Crimp a spade terminal end on and hook it to the "-" terminal on the
voltmeter. Use 3M splices to "daisy chain" the other 2 ground wires and hook
them to the other 2 "-" terminals on the other 2 gauges. The power wire is
done in the same manner, except 3M splice it to either the radio power
wire(switched), or the cigarette power wire(use caution, some E36 cigarette
lighters are HOT all the time), or splice it to the power wire to the
headlight switch. * It is best to use a test light or ohmmeter to find a
SWITCHED power wire first.* Crimp on a spade end and hook it to the "+"
terminal on the voltmeter. "Daisy chain" the other power wires to the other
2 gauges in the same manner as the ground wire using the 3M wire splices.
Tie wrap the wires together at the new gauge panel behind the console to make
a neat installation. * Be sure and leave enough extra wire here to be able to
remove the gauge package. You can bundle them behind the panel and trip
computer when you install the panel.* ----- The gauge package will work now.
Turn the key to the #1 position and watch for battery voltage readings on the
voltmeter and that the oil pressure gauge reads "0".--------
- Hook up gauge lights. Carefully push the RED light cover over all 3 of
the gauge lights and reinstall them in the back of the gauges. Use just
enough of the 18 gage brown wire and 18 gage colored wire to make a "daisy
chain" to each one of the 3 gauge lights in the same manner as the gauge
power wires. Use 2 3M wire splices and splice into the cigarette lighter
light bulb wires. * Do not worry about polarity here because lights do not
matter, but 1 of the wires is brown and one is colored, you just match
them*.------- Turn on the parking lights and check the gauge lights. Use the
dash light dimmer switch and check for its operation at the gauges. The red
colored gauge lights are close to the original red color, but they just
are'nt right. I found if you cut a 1/16" by 1/16" square hole in all 3 of
the RED gauge light covers with a modeling knife, it let's in just enough
white light to make the color a little bit better.
- Reinstall. Be sure and remove the little clip on the old sunglass
holder that held in the trip computer and put it on the new gauge package.
It won't go back in the middle like original, so put it off to the left or
right in between 2 of the gauges. Hook back up the cigarette lighter wires
and the color coded switch wires and test their operation. Put the console
back in its original position and reinstall the screws. Don't forget the 2
screws above the trip computer where the console meets the dash. Bundle the
gauge wires neatly behind the gauge package and reinstall the the new panel.

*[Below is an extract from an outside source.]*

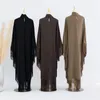 Etniska kläder Abayas för kvinnor Dubai 2023 Autumn Winter Tassel Batwing Sleeve Solid Casual Loose Overdimased Dress Ramadan Muslim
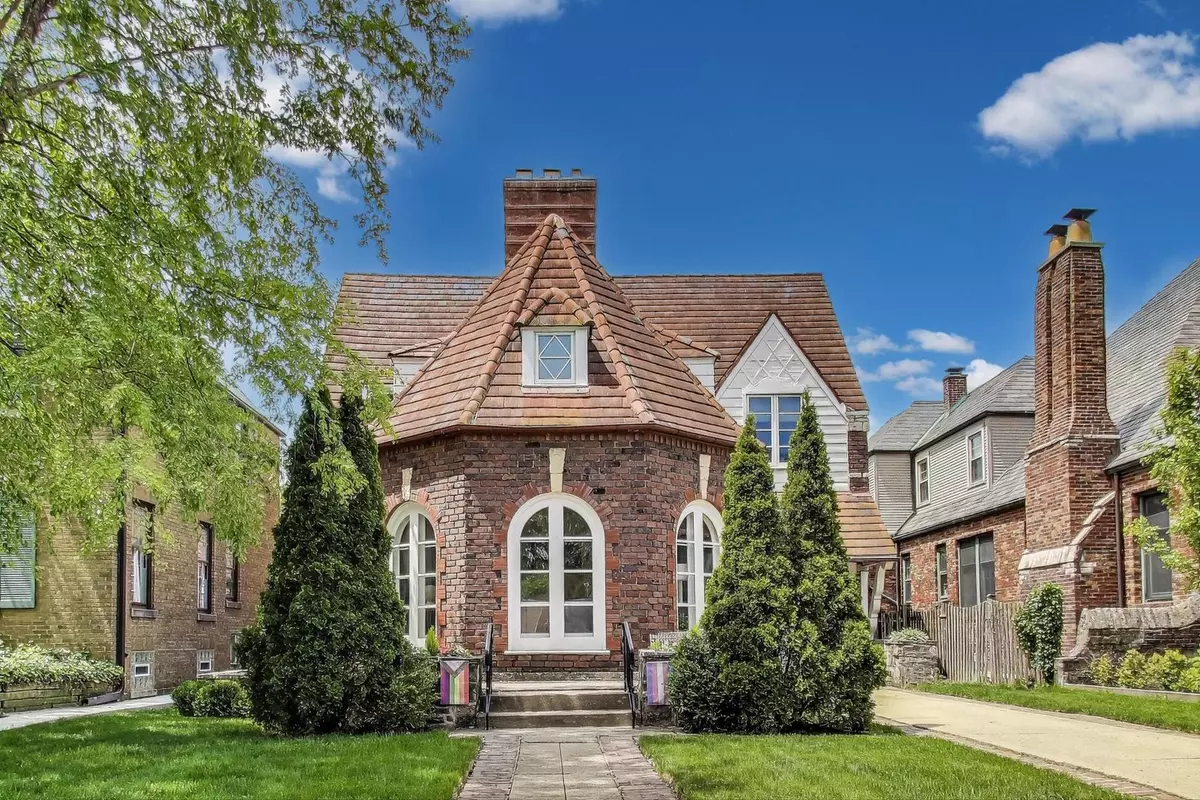 Oak Park, IL 60302,1213 Columbian Avenue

Reinstall the trip computer by just pushing it in until its flush.-----*
Reinstall the console BEFORE putting the trip computer back in.*-----
- Test drive. On start up my ///M3 reads 70psi of oil pressure, some
E36's might be a lot higher. Double check the voltmeter for battery voltage.
The oil temp. gauge will not begin to read until after about 10 min. of
driving. It should then climb to about 200 deg. or more. If it all works,
reinstall the glovebox and other center console.
YOU ARE FINALLY DONE !!!!!
Disclaimers: If you don't know enough to put the oil back in your engine
before test driving it, DO NOT DO THIS JOB !
If you do not know enough to put a jack stand under your car when you are
working under it, DO NOT DO THIS JOB !
If you can install a car stereo or a alarm system, YOU CAN DO THIS JOB !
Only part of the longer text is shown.